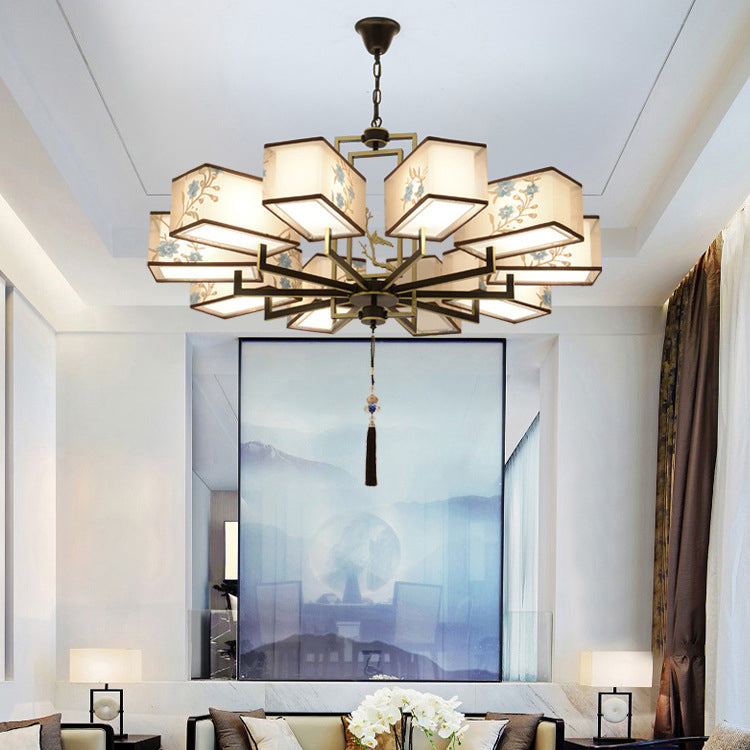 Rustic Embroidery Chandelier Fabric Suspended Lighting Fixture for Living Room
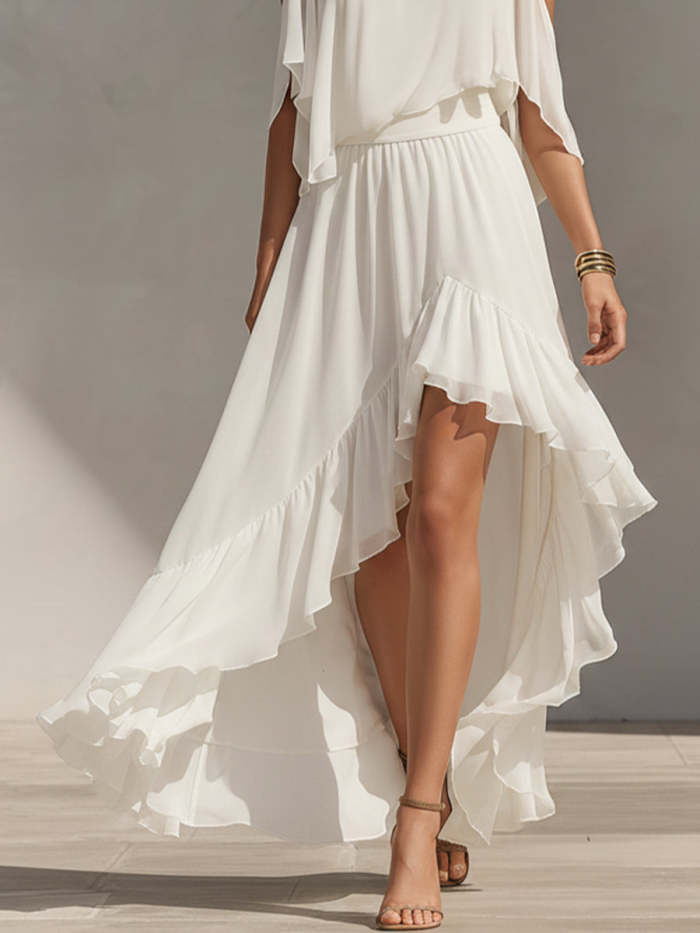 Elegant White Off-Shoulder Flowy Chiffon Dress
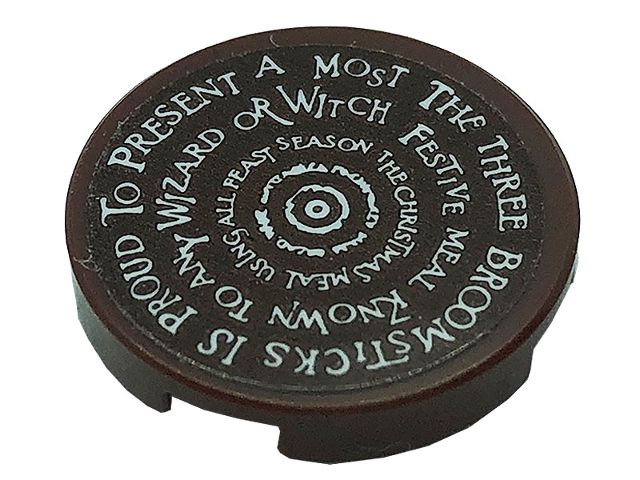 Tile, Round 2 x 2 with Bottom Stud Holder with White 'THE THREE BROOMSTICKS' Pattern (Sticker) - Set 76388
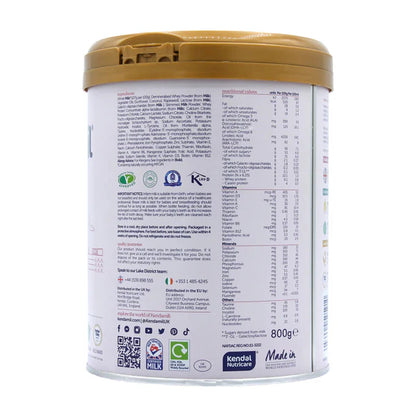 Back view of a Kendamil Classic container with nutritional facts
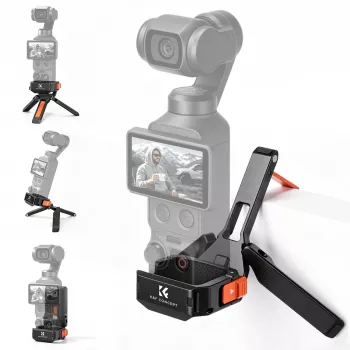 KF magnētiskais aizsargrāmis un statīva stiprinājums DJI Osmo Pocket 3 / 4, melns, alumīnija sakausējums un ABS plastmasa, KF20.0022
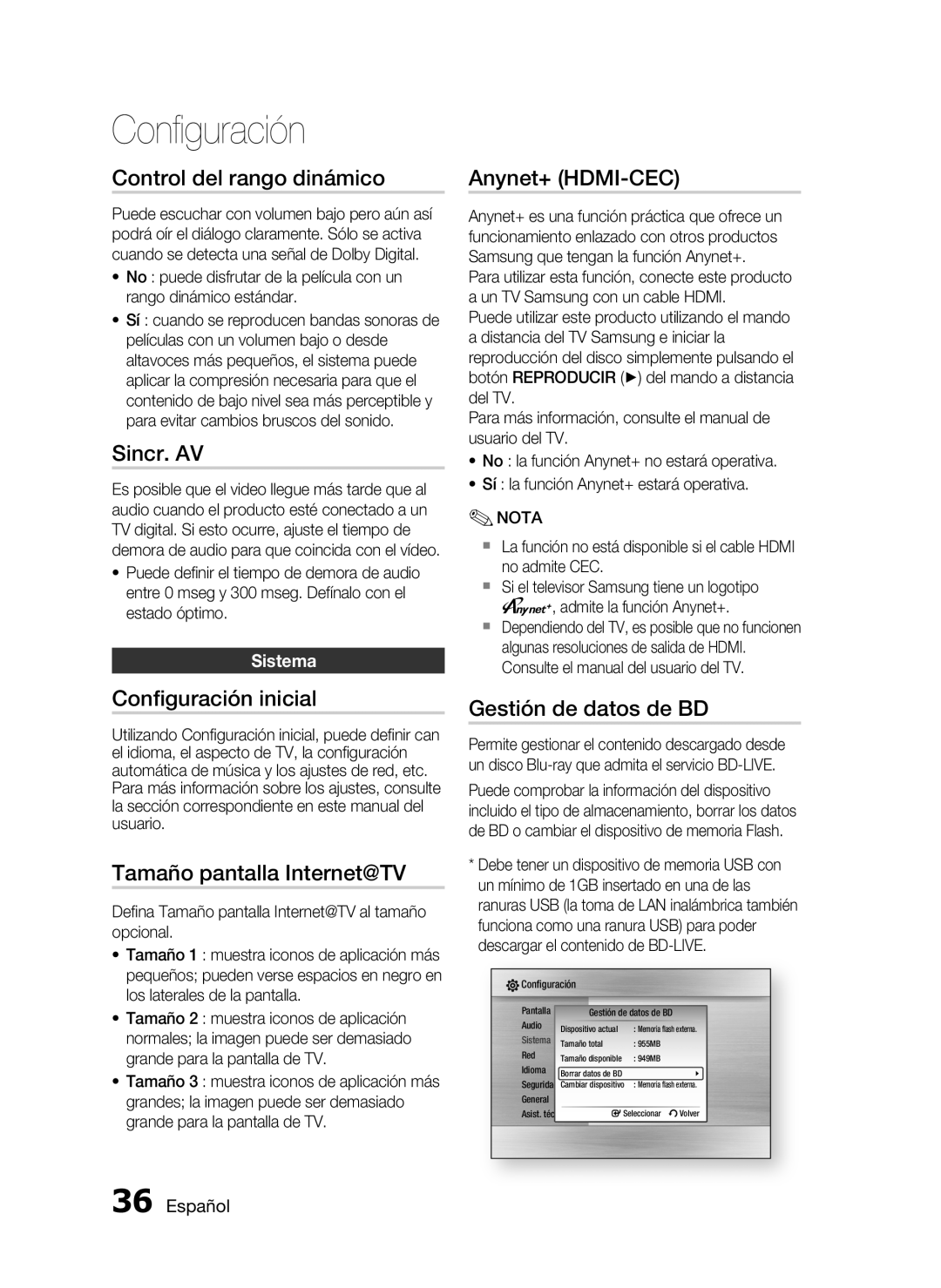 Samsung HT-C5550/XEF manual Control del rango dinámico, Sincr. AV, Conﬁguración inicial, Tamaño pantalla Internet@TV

• [TASK STATEMENT]:
Could you write out, word for word, the lines from the one containing "Tile, Round 2" through the last line of the records, leaving out the pictures?

• [ANSWER]:
 Tile, Round 2 x 2 with Bottom Stud Holder with White 'THE THREE BROOMSTICKS' Pattern (Sticker) - Set 76388
 Back view of a Kendamil Classic container with nutritional facts
 KF magnētiskais aizsargrāmis un statīva stiprinājums DJI Osmo Pocket 3 / 4, melns, alumīnija sakausējums un ABS plastmasa, KF20.0022
 Samsung HT-C5550/XEF manual Control del rango dinámico, Sincr. AV, Conﬁguración inicial, Tamaño pantalla Internet@TV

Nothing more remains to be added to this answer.